My parents are both normal. I have four brothers and one sister all of better than average height, all chips off the old block.
I am nineteen years old, successfully supporting myself. I board out, clothe myself and manage to save a little each week. I work as an announcer at a radio station, CKCR in Kitchener, Ont. Waking up our listeners and sending them off to work each morning in a happy mood is a real effort. I am often only half awake myself. I love my work and am accumulating experience in every phase of radio operation.
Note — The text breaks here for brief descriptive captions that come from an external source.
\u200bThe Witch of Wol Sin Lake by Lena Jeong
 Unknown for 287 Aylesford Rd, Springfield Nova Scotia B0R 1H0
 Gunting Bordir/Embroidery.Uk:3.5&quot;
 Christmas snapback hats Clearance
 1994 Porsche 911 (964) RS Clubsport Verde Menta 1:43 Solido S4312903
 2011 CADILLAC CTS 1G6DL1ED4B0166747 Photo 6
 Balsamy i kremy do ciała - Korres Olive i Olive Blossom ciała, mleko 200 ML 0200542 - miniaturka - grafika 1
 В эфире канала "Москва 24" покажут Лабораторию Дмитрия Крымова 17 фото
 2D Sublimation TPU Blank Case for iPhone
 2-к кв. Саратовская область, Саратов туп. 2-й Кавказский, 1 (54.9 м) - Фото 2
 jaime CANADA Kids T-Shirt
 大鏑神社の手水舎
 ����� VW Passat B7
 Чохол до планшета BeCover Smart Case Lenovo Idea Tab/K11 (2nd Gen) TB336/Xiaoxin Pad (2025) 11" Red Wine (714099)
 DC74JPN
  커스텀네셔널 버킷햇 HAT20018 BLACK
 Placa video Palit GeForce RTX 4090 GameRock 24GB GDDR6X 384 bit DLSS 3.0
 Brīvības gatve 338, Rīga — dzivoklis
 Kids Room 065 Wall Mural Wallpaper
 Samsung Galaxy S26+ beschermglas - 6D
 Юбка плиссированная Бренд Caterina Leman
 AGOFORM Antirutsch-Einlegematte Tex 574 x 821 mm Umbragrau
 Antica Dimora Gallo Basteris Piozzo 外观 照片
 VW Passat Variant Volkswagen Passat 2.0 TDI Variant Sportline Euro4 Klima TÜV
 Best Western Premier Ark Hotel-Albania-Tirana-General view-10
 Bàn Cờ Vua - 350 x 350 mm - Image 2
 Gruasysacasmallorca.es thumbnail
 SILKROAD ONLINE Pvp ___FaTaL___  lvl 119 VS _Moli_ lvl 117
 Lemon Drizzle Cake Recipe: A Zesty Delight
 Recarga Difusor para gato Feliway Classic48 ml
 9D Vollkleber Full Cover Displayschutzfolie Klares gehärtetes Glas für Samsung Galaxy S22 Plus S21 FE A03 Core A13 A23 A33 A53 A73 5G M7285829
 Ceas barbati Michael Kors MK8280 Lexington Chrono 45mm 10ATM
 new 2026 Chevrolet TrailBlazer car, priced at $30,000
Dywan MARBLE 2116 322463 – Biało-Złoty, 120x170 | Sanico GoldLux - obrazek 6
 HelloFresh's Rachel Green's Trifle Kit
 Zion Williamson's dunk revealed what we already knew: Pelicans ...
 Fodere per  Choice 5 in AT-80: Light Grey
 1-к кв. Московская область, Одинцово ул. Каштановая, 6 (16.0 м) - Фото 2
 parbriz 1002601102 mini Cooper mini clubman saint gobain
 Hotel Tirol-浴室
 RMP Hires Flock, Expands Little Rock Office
But about those dogs. If a large dog rushes in your direction with a vicious hungry look in its eye, you can easily plant a nine boot under its chops. I have a dainty size three and a half. The best I can do is kick it in the knee and hope it dies laughing. Usually the dog is merely infuriated. You can protect yourself with your arm. Mine’s so short, I’m afraid it might accidently slip down the dog’s throat and be nipped off at the armpit. In a real crisis, you can run away. My fifteen-inch legs, even when in a hurry, shatter no records.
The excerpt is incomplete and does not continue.